“menifolds”
I created these menifolds for my dissertation defense presentation. “Menifold” is a portmanteau of “men” and “manifold.” The “manifold” is a foundational mathematical idea, which encompasses a variety of spatial forms. It was introduced in the nineteenth century by Bernhard Riemann. I represented each of the “men” below with exactly one one-dimensional manifolds, which are effectively continuous curved lines. (In other words, were I to recreate these with pen and paper, I would never lift the pen off the page.) The menifolds lightly poke fun at two widespread ideas about mathematics: that it is widely the province of men, and that these men are effectively disembodied heads, brains without bodies.
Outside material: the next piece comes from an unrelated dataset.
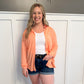 Peachy Keen Oversized Button Up Top, Peach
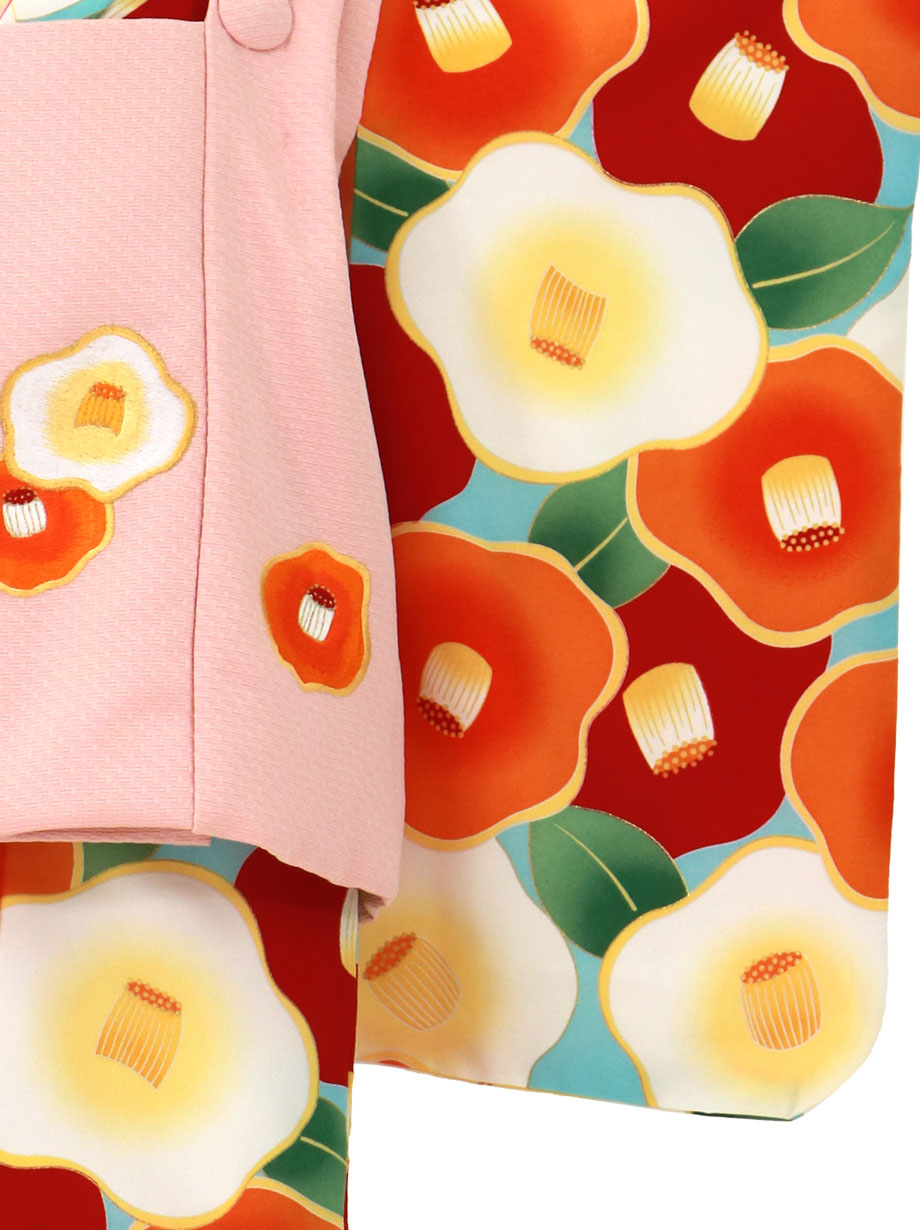 水色地に赤やオレンジの椿、ピンクの被布コートセット／七五三・三歳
In the following, I show how Riemann in “On the hypotheses” constructed his identity with reference to, and with the help of, a handful of other scholars.
Bernhard Riemann, mathematician
My dissertation focuses on Riemann. I diverge from most scholarship, which portrays him as wholly distinctive: unparalleled in his creative thinking, one of the greatest mathematicians ever, etc. And then there are the accompanying tropes: shy and inward turning, frail, prone to gloominess. While there is some truth to all of this, that truth is limited; from another perspective, Riemann was a relatively typical scholar of his time, whose “genius” identity was constructed by his predecessors after his death. Riemann too had a hand in forming this identity, which he cultivated in part by linking himself to lionized scholars like Gauss and Herbart.
Wilhelm Weber, physicist
Weber’s primarily contributions to securing Riemann’s success arguably took place behind the scenes. Weber was a staunch advocate throughout Riemann’s career, and wrote several times to the Hannoverian ministry on his behalf. Over the years, Weber helped Riemann secure a permanent position at Göttingen, several different sources of income, and even a place to live in the Göttingen observatory. Riemann didn’t mention Weber explicitly in his habilitation lecture, but perhaps his presence can be felt in the lecture’s nods to physics and the natural sciences.
Carl Friedrich Gauss, polymath
There are many ways in which Riemann’s habilitation lecture reveals his scholarly debts to Gauss, and especially Gauss’s work on surfaces. It is also possible to see Gauss’s scholarly identity as a model for Riemann’s own. Gauss is listed as a “polymath” because disciplinary boundaries were less clearly delineated when he entered the scholarly world. Gauss’s work spanned abstract treatises to measurements of earth’s magnetism. While scholars have argued that the world of the polymaths had all but disappeared by Riemann’s time, Riemann in his habilitation lecture crossed the boundaries of subjects and insisted on relations among different subjects. Riemann positioned his habilitation lecture as spanning several subject areas, including mathematics and philosophy, and presented himself as a scholar in Gauss’s mold.
Johann Friedrich Herbart, philosopher
In Riemann’s telling, his reading of Herbart’s works led him to new approaches to questions about the physical world. This fact is supported by the Göttingen University Library’s borrowing records, which suggest Riemann borrowed Herbart’s collected works extensively. The library record suggests that for Riemann, Herbart was to philosophy as Gauss was to mathematics: Riemann’s anchor in the subject. So insofar as Riemann’s lecture made forays into philosophy, he was following a path that Herbart had carved—a fact that many scholars have supported with specific details, though not all agree. Although Herbart had passed away long before Riemann arrived at Göttingen, Herbart’s work played a considerable role in Riemann’s scholarly activity.